ですが、この【もしも】、未来について考える場合と過去について考える場合はまったく反対の意味を持ちます。
未来についての【もしも】を考える場合は、現在に不満がないことが多いです。
現在でも不満はなく十分幸せだが、さらなる幸せを求めたいと思うときに想像します。
現在が満たされていて幸せだということがわかるから、それを壊してくる危険性があるものに恐怖を感じます。
『もっと幸せになりたい!』、『どうか幸せの現在がいつまでも続いてくれ!』なんです。
未来についての【もしも】は、手に入れたいという欲望と、失いたくないという願望なんです。
過去は違います。
過去についての【もしも】を考える場合は、現在に不満があることが多いです。
現在に不満があり幸せを感じることが少なく、過去のあの時点で違う選択をしていたら現在の自分は幸せを築けていられたんじゃないかと想像します。
現在の生活が満たされていないことがわかるから、こんなつまらない人生、不幸になってしまった人生の原因を妄想します。
『なんでこんなことになってしまったんだ!』、『どうして幸せになれるはずの手を払いのけてしまったんだ!』なんです。
過去についての【もしも】は、こんなのは嫌だという現在の拒絶と、幸せになれたはずなのにという後悔なんです。
もちろん『ああしていなければこんなに幸せな今はない。』という感謝の【もしも】もあります。
現在が幸せで仕方なくて「ありがとう。」の【もしも】の場合もあります。
ですがそれよりも強い【もしも】は拒絶と後悔なんです。
人はね、幸せに慣れていく生き物なんです。
夢のない話ですが、感謝の【もしも】はその場限りの一過性で、拒絶と後悔の【もしも】は継続的です。
人間は誰もが未来の【もしも】について考えます。
これから起こるかもしれない可能性を想像し、それにどう対応していくかを考えていきます。
他の動物のように今だけに集中して生きることは不可能です。
今の生活を確認し、将来のことを考えます。
ですが、過去の【もしも】については考えないで生きていける人がいます。
後悔をしない生き方をしている人たちです。
その場その場での今をしっかりと受け入れてそれを糧に未来を目指し、そこにたどり着いた人たちです。

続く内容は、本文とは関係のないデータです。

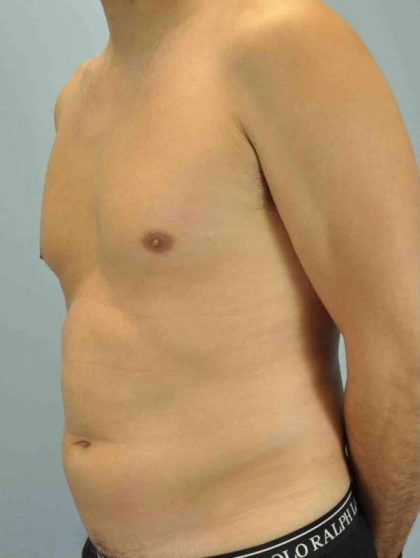 VASER Liposelection Before & After Patient #10527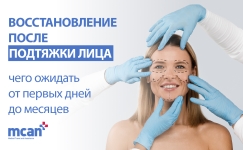 Восстановление после подтяжки лица: чего ожидать от первых дней до месяцев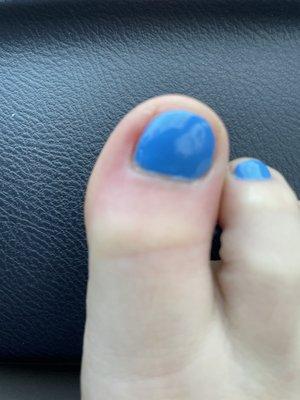 Infected toe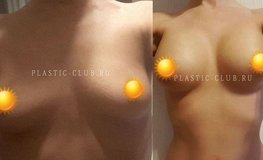 Фото до и после маммопластики для ассиметричной груди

現在の位置に満足し、過去を誇りに思っている人たちです。
今に満足しているので『もしもしていれば・・・』、『もしもしていなかったなら・・・』なんてありもしない仮定で振り返る必要もないんです。
過去の【もしも】についてよく考えてしまう人は、今の人生に不満があり『こんなはずではなかった。』と後悔しているんです。
この過去の【もしも】なんですが、一度考えだすと止まりません。
現在に不満があればあるほど、強い気持ちでいくつもの【もしも】が思い浮かんできます。
それこそそんな選択をすることはありえなかっただろというくらいの【もしも】が次々に浮かんできます。
そしてその【もしも】が叶ったときの今を想像し、自分が今どれだけ不幸な境遇にいるのかを確認します。
手に入っていたかもしれない幸せを逃してしまったことを実感します。
悔しくて泣けてきます。
つらくて泣けてきます。
『なんで自分はこんなに不幸な人生を歩いているんだろうか?』と悲しくなります。
『よりにもよってここまで落ちてしまうのか。』とむなしくて笑えてきます。
【もしも】と比べてしまうとキリがないんですよね。
どうしてもそれができなかった現実があるのに、【もしも】を出されたら勝てるはずがないんです。
妄想の方が現実よりもあなたに優しい世界になってしまうのは当たり前なんです。
でもね、一度考え始めると止めることは難しいんです。
今よりも良い世界にいるはずの自分、幸せとまではいかなくてもここまで落ちぶれていない自分、これらの魅力は今がつらい人ほど強力に誘惑してきます。
もしかしたらあったかもしれない現在の可能性は、今はあなたの手の届かないところにある世界です。
あなたが今さら何をしたところで追いつくことなんかできません。
そのことをあなたもわかっています。だからこそ悔しいんです。
【もしも】を考えることは決して悪いことではありません。
ですが【もしも】ばかり考えすぎてしまうと、今がよりつらくなってしまうかもしれません。
前を向くためにも過去の【もしも】が必要になるときはありますが、考えすぎて底なし沼にはまってしまわないように注意してくださいね。
心優しいあなたの人生が幸せに包まれますように。